Greek mythological figures

In Greek mythology, Thoas (Ancient Greek: Θόας, "fleet, swift") may refer to the following figures:

- Thoas, a king of Lemnos saved by his daughter Hypsipyle from the massacre by the Lemnian women. He was a son of Dionysus and Ariadne, and sometimes identified with Thoas, the king of the Taurians, below.
- Thoas, a king of the Taurians when Iphigenia became priestess of Artemis. He is sometimes identified with Thoas, the king of Lemnos above.
- Thoas, a king of Aetolia. He was the son of Andraemon and Gorge, and a Greek leader and hero in the Trojan War.
- Thoas, a king of Corinth. He was a son of Ornytion and a grandson of Sisyphus.
- Thoas, a son of Jason and Hypsipyle, and a grandson of Thoas, the king of Lemnos (above). He was the twin brother of Euneus.
- Thoas, the Spartan son of Icarius, and the brother of Penelope, the wife of Odysseus. According to the mythographer Apollodorus, Icarius and the Naiad nymph Periboea had five sons: Thoas, Damasippus, Imeusimus, Aletes and Perileos, and a daughter Penelope. According to Strabo, however, the mother by Icarius of "Penelope and her brothers" was Polycaste, the daughter of Lygaeus.
- Thoas (or Thoon?), a Giant who, according to the mythographer Apollodorus, along with the Giant Agrius, was killed by the Moirai (Fates) with bronze clubs, during the Gigantomachy, the battle fought between the Giants and the Olympian gods.
- Thoas, an Athenian, who according to Plutarch, was the brother of Euneus and Solois, and accompanied Theseus on his return from his expedition against the Amazons. This Thoas is different than the Thoas (see above), who was the son of Jason and Hypsipyle, and who also had a brother named Euneus.
- Thoas, a defender of Thebes in the war of the Seven against Thebes.

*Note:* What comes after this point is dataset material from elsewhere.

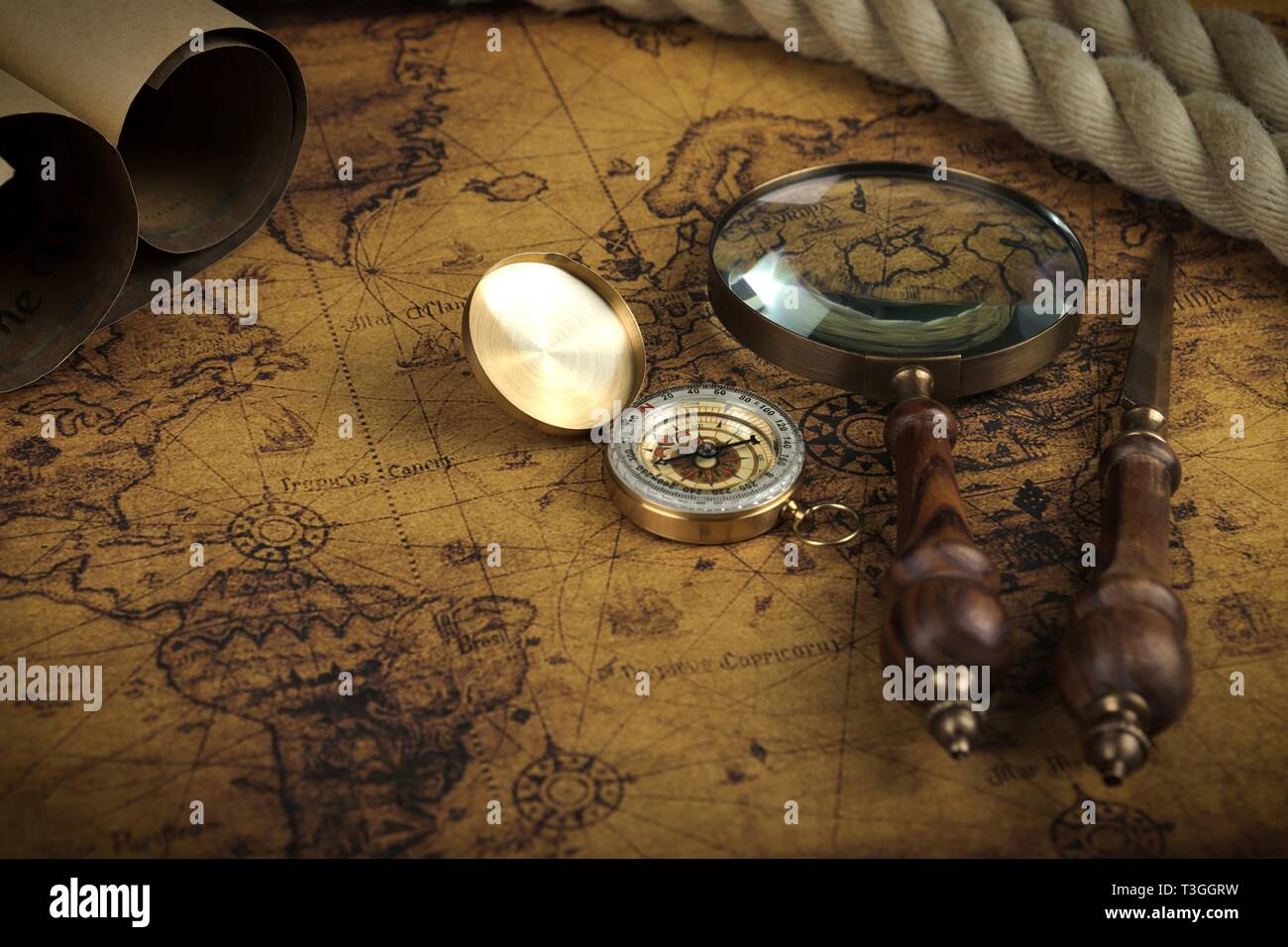 Vintage Compass and magnifying glass lies on an ancient world map ...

He was killed by Tydeus.
- Thoas, in Homer's Iliad, is a Trojan warrior killed by Menelaus during the Trojan War.
- Thoas, one of the Suitors of Penelope who came from Dulichium along with other 56 wooers. He, with the other suitors, was shot dead by Odysseus with the help of Eumaeus, Philoetius, and Telemachus.
- Thoas, a companion of Aeneas in Italy. He was crushed with a stone, by Halesus an ally of Turnus.